Un troisième manuscrit, conservé à la bibliothèque du Hebrew Union College à Cincinnati, est un fascicule imprimé du livret anglais d’Esther de Haendel, avec des pages manuscrites comportant le texte de l’adaptation hébraïque de Saraval, interfoliées page par page en regard du texte anglais imprimé du livret d’Esther de Haendel.

Qui demanda à Lidarti de composer une nouvelle musique sur le livret de Saraval ? Nul ne le sait vraiment. Etait-ce David Franco Mendes, le célèbre historien et secrétaire de la communauté, lui-même poète prolifique, et qui aurait apparemment commandé le livret à Saraval ? Il s’agit à ce jour d’une hypothèse non confirmée.
Le plus étrange est que le livret de cet oratorio conservé à Amsterdam et Cincinnati demeura muet jusqu’en 1998, date à laquelle le Professeur Israel Adler de l’Université Hébraïque de Jérusalem identifia formellement sa musique dans un manuscrit daté de 1774 acheté par l’Université de Cambridge. La réunion du texte et de la musique permit enfin de restituer cette œuvre qui demeure, à ce jour, la composition la plus longue (plus de 2 heures !) et la plus riche de toute la musique hébraïque savante des 17ème et 18ème siècles.

Analyse de l’Oeuvre
Ester de Lidarti est composée de trois actes comprenant chacun 3 à 4 scènes. La partition est écrite pour des voix de solistes – Ester, Donna Israelita (une « femme israélite » de sa suite), Ahasveros, Mordocai et Haman (avec une brève apparition de Harbona) – un chœur à trois voix et un orchestre d’instruments à cordes, flûtes, hautbois, cors et basse continue. Il est probable que pour des raisons religieuses des hommes interprétaient les voix de sopranos. Il y a des témoignages documentaires dans les manuscrits notés de la communauté que les parties désignées comme voix de soprano étaient exécutées par des sopranistes masculins.
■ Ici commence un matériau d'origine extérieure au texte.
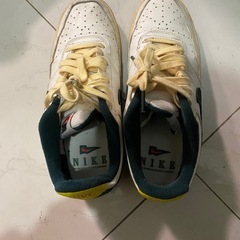 NIKE黄色スニーカーの画像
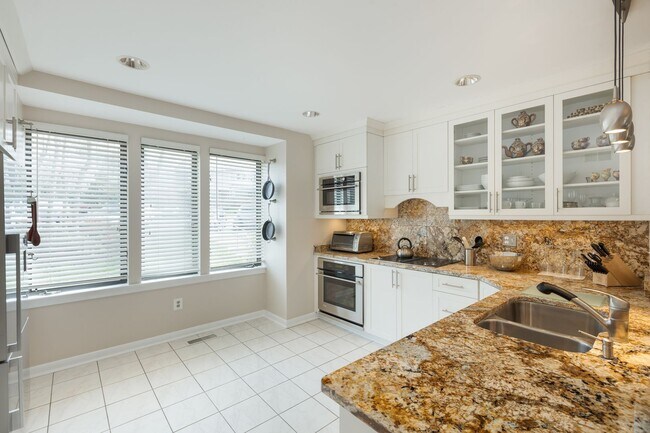 Building Photo - COMING SOON -11030 Thrush Ridge Rd - Liste...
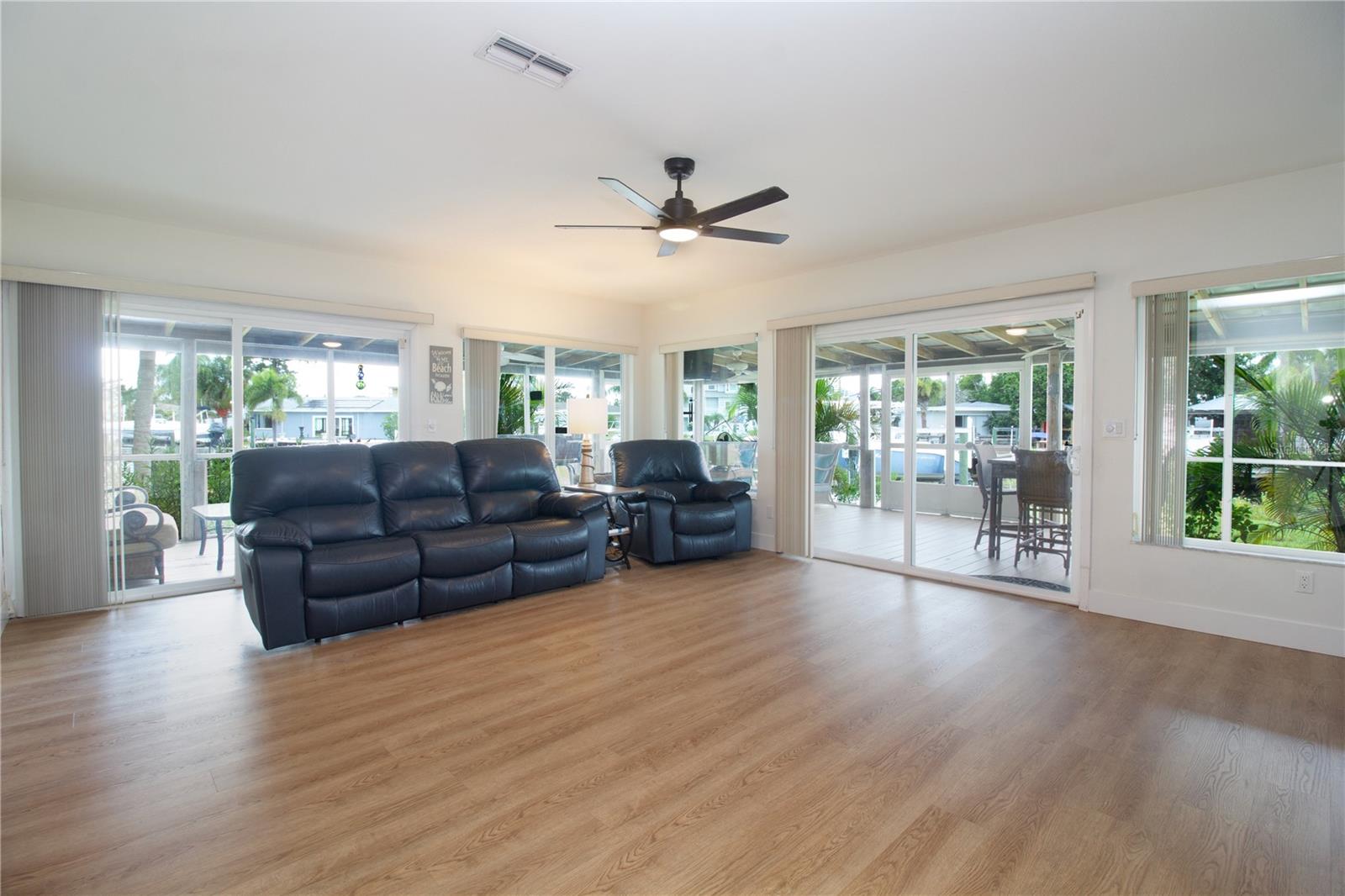 318 CIRCLE DR — photo 24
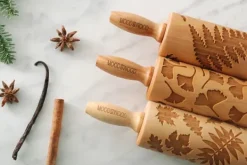 MoodForWood Trækagerulle 25 cm med Håndtag, Sæt med 3, Graveret, Perfekt til Bagning - Blademønster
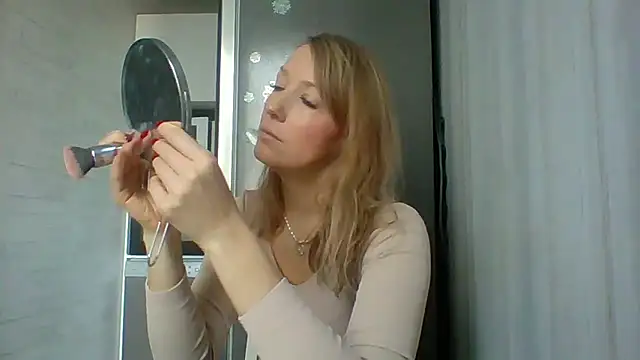 Vexxaa online show from February 11, 2026, 7:52 am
Quand Lidarti composa Ester, Haydn avait déjà composé ses symphonies moyennes, et Mozart avait atteint l’âge adulte. Lidarti continua néanmoins dans le style préclassique des années 1720-1750 qu’il avait adopté en Italie dans sa jeunesse. L’ouverture en trois mouvements rappelle les symphonies de Sammartini et les ouvertures d’opéras de Pergolèse, Jomelli et Galuppi, et l’orchestre est encore pourvu d’une basse continue, un reliquat des pratiques baroques. Les arias et les duos suivent aussi le style préclassique « galant » dans leur texture homophonique et l’accent mis sur une mélodie dominante, cyclique et à la phrase « fermée », des harmonies plus simples et plus lentes, et un contraste expressif entre des sections clairement séparées.

Sources
Biographie inspirée du Livret d’Esther, contenu dans le double CD Le salut d’Israël par Esther, Cristiano Giuseppe Lidarti (1730-1793 ?), Ester, Orchestre National de Montpellier, choeur de la radio lettone, Friedemann Layer direction, Euterpe, 2000.